[Records from a dataset]
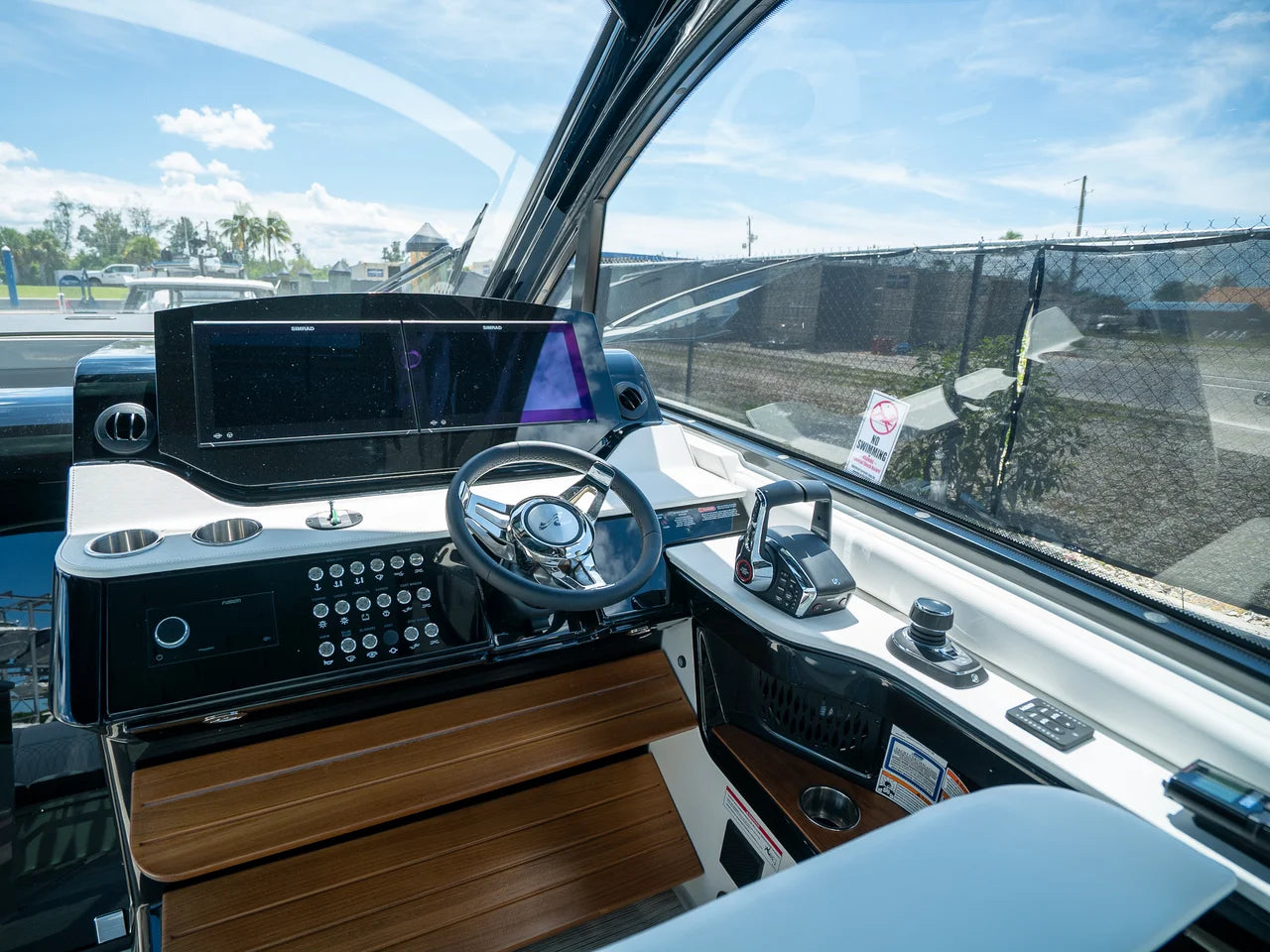 2026 Sea Ray Sundancer 370 Outboard 37.0 feet, Clearwater, Florida #11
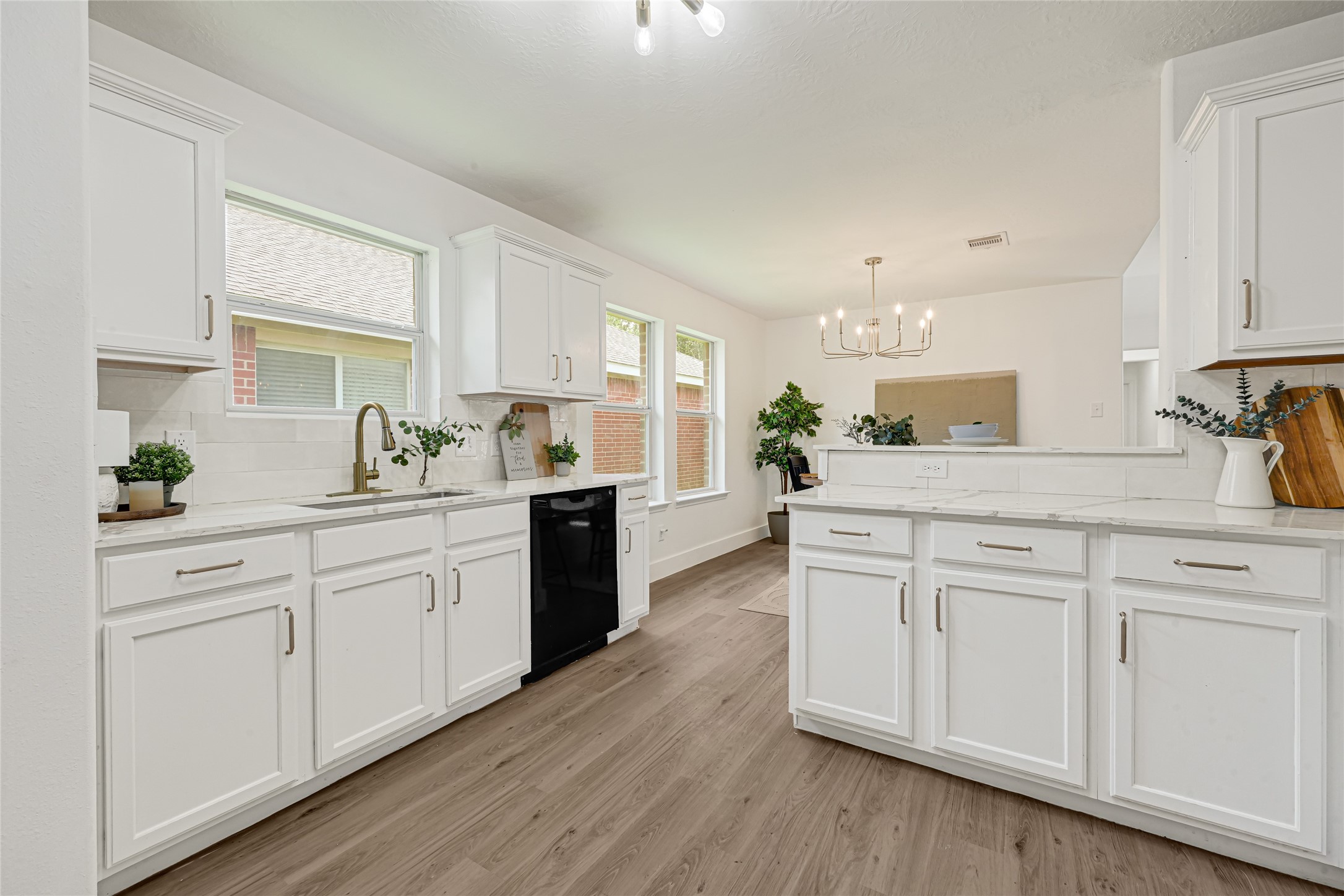 5505 Savannah Woods Lane Rosharon, TX 77583 - Photo 14 of 25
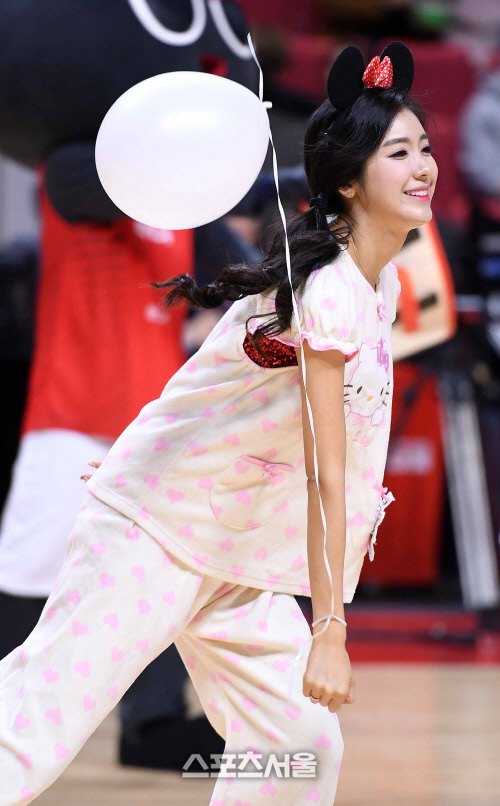 [SS포토]아기가 된 김연정, \'파티해요~\'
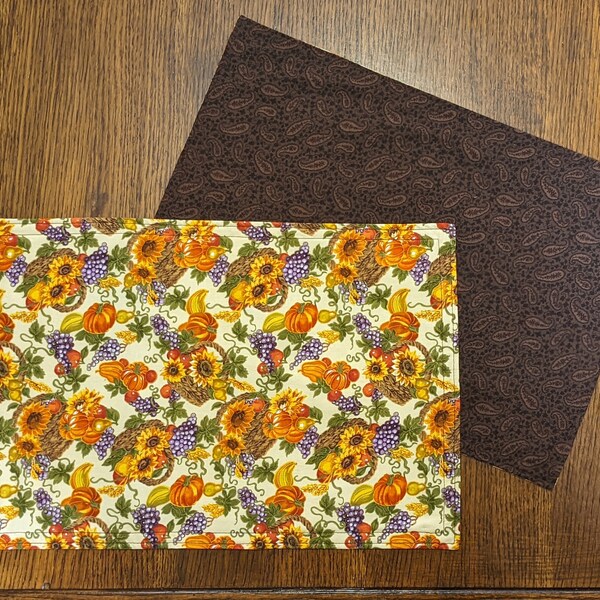 Fall Placemat Set: Harvest Basket and Brown Cotton Table Decor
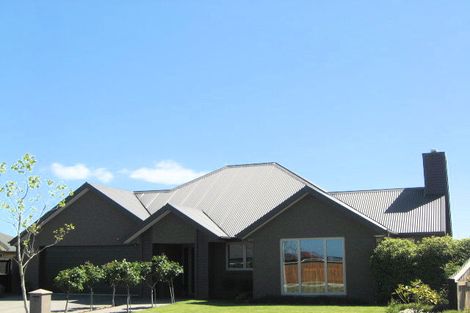 Photo of property in 69 Coolspring Way, Redwood, Christchurch, 8051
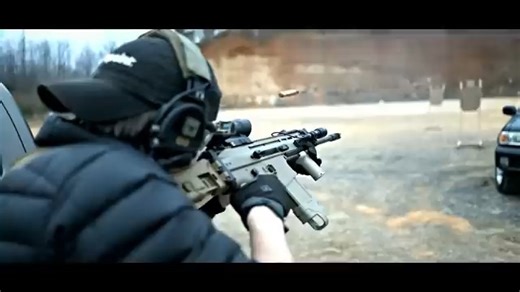 FNH SCAR 17 运动实战射击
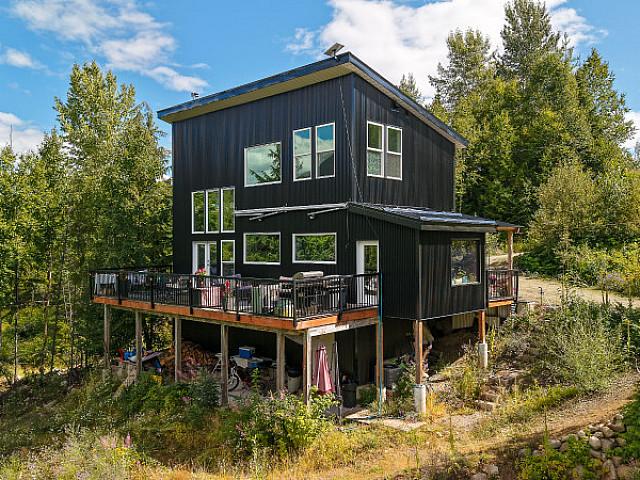 House for sale in British Columbia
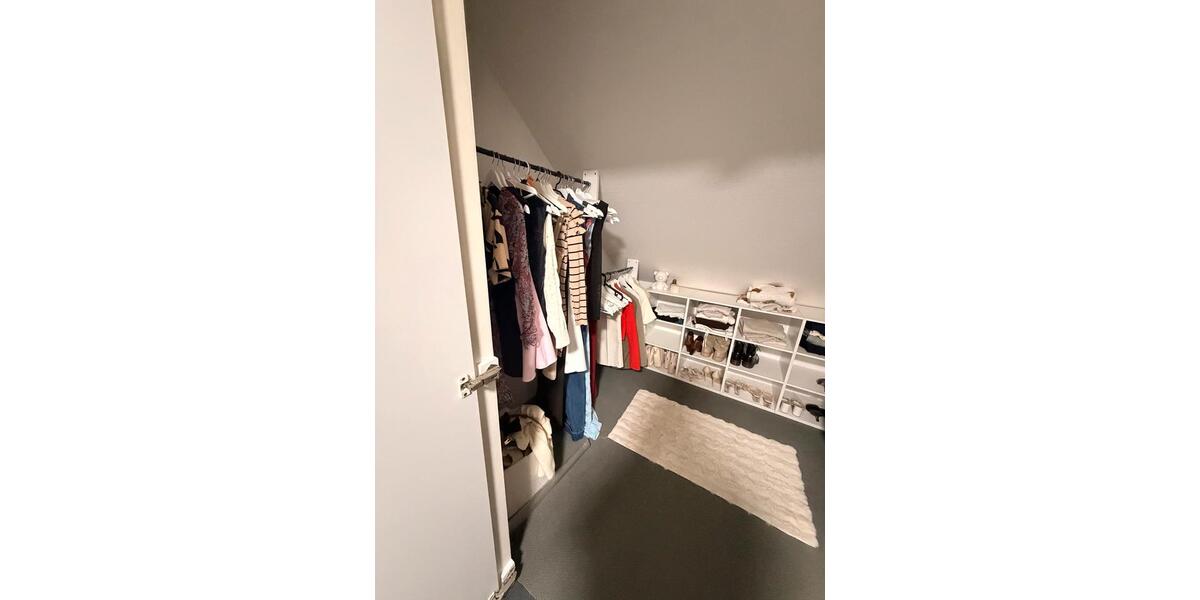 Dachgeschoßwohnung Isernhagen - 2.5 Zimmer, 70 m&sup2;, 650&euro; | Angebot:25227026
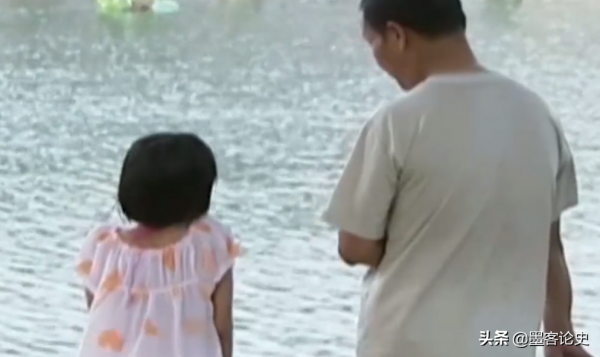 江西8歲女孩患血管瘤，下巴長出長舌狀肉瘤，隨年齡增長垂吊胸前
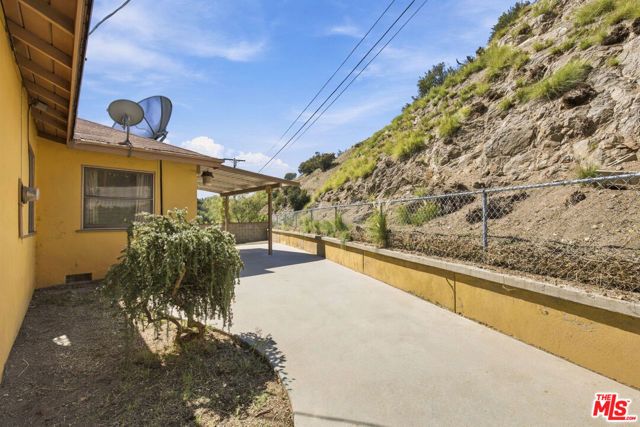 8501 Petaluma Drive, Los Angeles, CA 91352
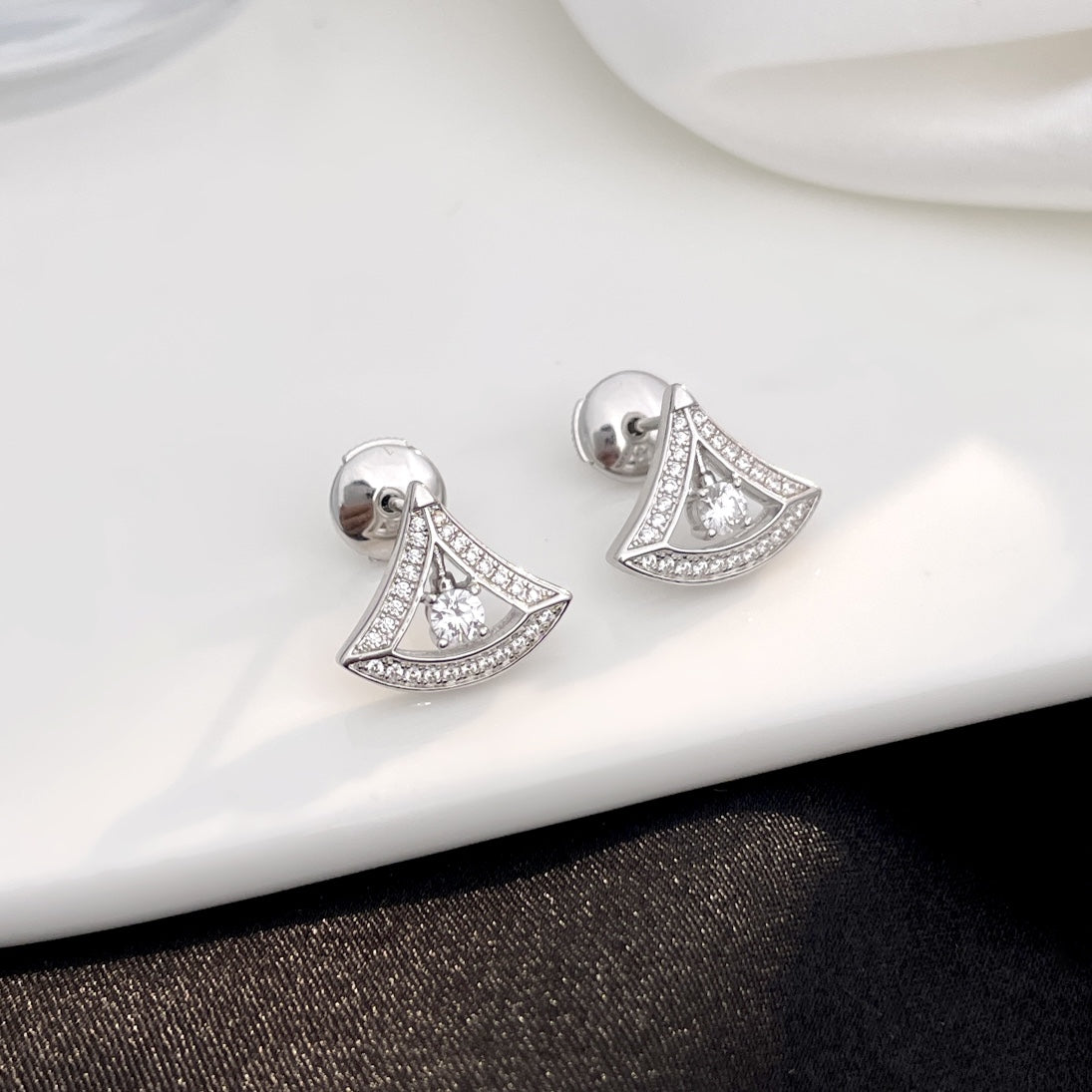 [Clover Jewels]DREAM MINI DIAMOND STUD EARRINGS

- _Exercise aim_:
Only the lines from the one containing "House for sale in British Columbia" through the last line of the entries above belong in the copy; reproduce them exactly and drop every picture.

- _Final answer_:
 House for sale in British Columbia
 Dachgeschoßwohnung Isernhagen - 2.5 Zimmer, 70 m&sup2;, 650&euro; | Angebot:25227026
 江西8歲女孩患血管瘤，下巴長出長舌狀肉瘤，隨年齡增長垂吊胸前
 8501 Petaluma Drive, Los Angeles, CA 91352
 [Clover Jewels]DREAM MINI DIAMOND STUD EARRINGS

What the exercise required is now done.